Some councils explained that they were unable to do this as no service is provided for a family to attend.
The FOI also revealed that 21 councils in the UK did return ashes to the family after a cremation, while 18 councils charge bereaved families for the ashes to be returned.
Reasons for charging for ashes included the cost of the urn to the council or a collection cost.
What is a paupers’ funeral?
Local authorities are required by law to arrange public health funerals for people when no suitable arrangements have been made.
They carry out thousands of ‘pauper’s funerals’ every year for people who have died alone, in poverty or do not have family.
The funeral services are very basic do not include flowers or transport for the family, while some burials may also take place in an unmarked shared grave.
It is possible to attend the funeral, but the local authority will decide the time and date.
With funeral costs rising to well over £4,000, many people are unable to afford a basic funeral.
In the 2018/19 financial year, more than 4,000 public health funerals took place at a cost of £6.3 million.
Nearly a third (29%) of these funerals were undertaken by local councils because bereaved families were unable to afford the cost.
Royal London is calling for minimum standards for public health funerals.
Louise Eaton-Terry, funeral cost expert at Royal London, says: “It’s incredibly sad when bereaved families have no choice but to seek a public health funeral. But when some families are refused the ashes of their loved ones or are not even allowed to attend the funeral, it is clear that they are being treated unfairly.
“It’s about time the system was overhauled, and we’re calling for legislation on minimum standards for public health funerals to ensure everyone can, at the very least, attend a funeral and collect their loved one’s ashes.”
A spokesman for the Local Government Association says: “Public health funerals are a last resort for those cases where family or friends cannot be identified to arrange a funeral, or no-one is willing to do so.
“When arranging these funerals, councils will seek to ensure the religious beliefs or wishes of the deceased are respected and they are provided with a dignified funeral, while keeping the costs to local taxpayers to a minimum.
“In many cases the deceased has no family to arrange their funeral, so there is no-one to attend a service if one is held or to collect the ashes.
“Where family members are unable to afford the cost of the funeral those who receive income related benefits can apply for a funeral payment, and last year the government announced an uplift in the grants made available, though these may not cover the full costs of a funeral.

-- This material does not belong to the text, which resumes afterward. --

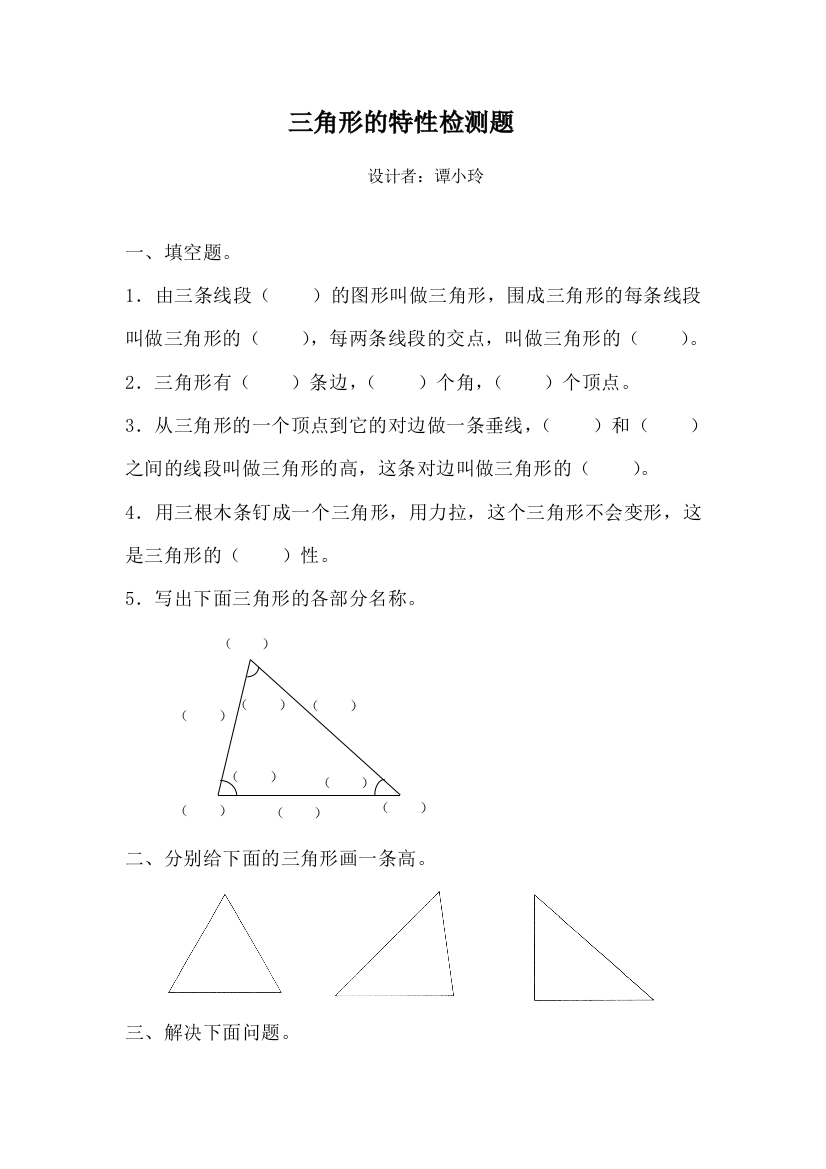 人教小学数学四年级三角形的特性课堂检测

“With local authorities facing challenging funding pressures the increase in the number of public health funerals is putting further pressure on council budgets and driving them to limit the costs they incur in arranging these funerals.”
What to do if there isn’t enough money for a funeral
The government’s Funeral Expenses Payment helps certain individuals who are on a low income to pay for a funeral they are responsible for organising.

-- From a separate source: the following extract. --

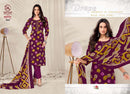 DL Textiles Sawariya Vol 2 Cotton Printed Designer Stitched Salwar Suit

The fund covers the full cost of burial or cremation and up to £700 in funeral directors’ fees.
To be able to claim you will need to be a partner of the deceased when they died or a close relative of the friend. It is available to those claiming benefits, including Universal Credit and Working Tax Credits.

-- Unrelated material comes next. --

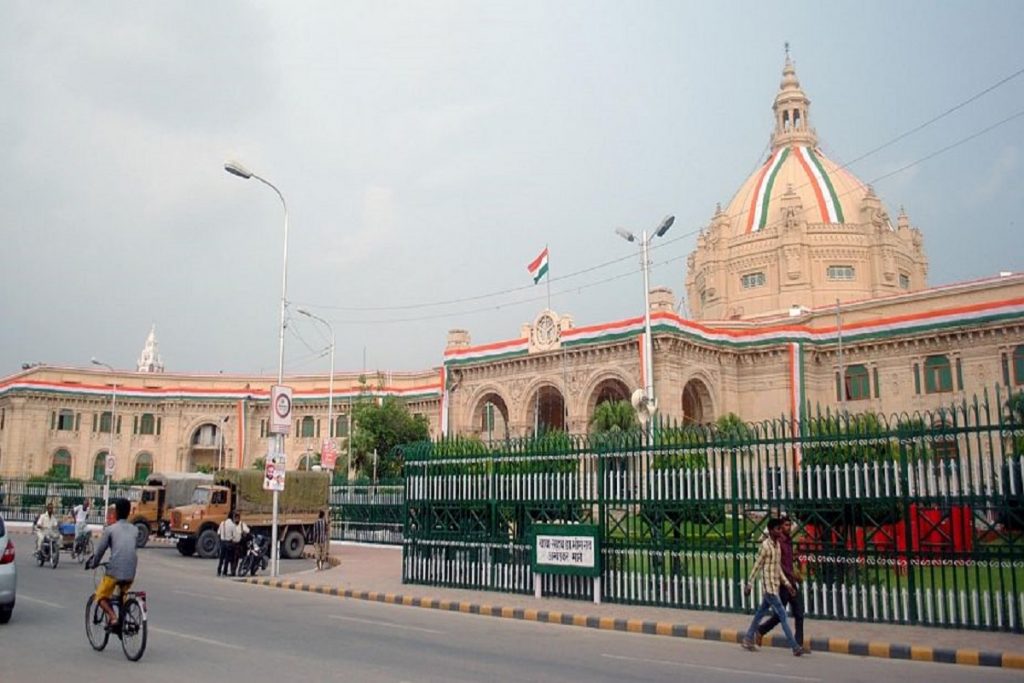 monsoonsessionofuplegislativeassemblytocommencefromtoday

You can apply for it by completing an SF200 form on gov.uk website.
You can also apply for Bereavement Support Benefit if your husband, wife, or civil partner dies.
If you are pregnant or have a child you will receive a monthly payment of £350 for 18 months following the death, or a one-off payment of £3,500 during the first month.
Everyone else will get a monthly payment of £100 for 18 months, or a one-off payment of £2,500 during the first month.
Bereavement Support Payment
I want to highlight the Bereavement Support Payment mentioned above.
It is a benefit available to most people in the UK whose partner dies before state pension age, but nobody tells you about it! To get the full benefit you must apply within 3 months of your partner’s death, or you will lose some of the monthly payments. It’s a horrible time to have to get your head together to apply for this (I know - I’ve been there), but it is really worth doing, particularly if you have dependent children. Just enter’Bereavement Support Payment’ into any search engine.
Also, please note that the benefit amounts are correct in the article above, but you will receive both the applicable lump sum and the monthly payments, not one or the other as stated.
As a priest I have had, on occasions, arranged for a "what can you afford" funeral for poor families.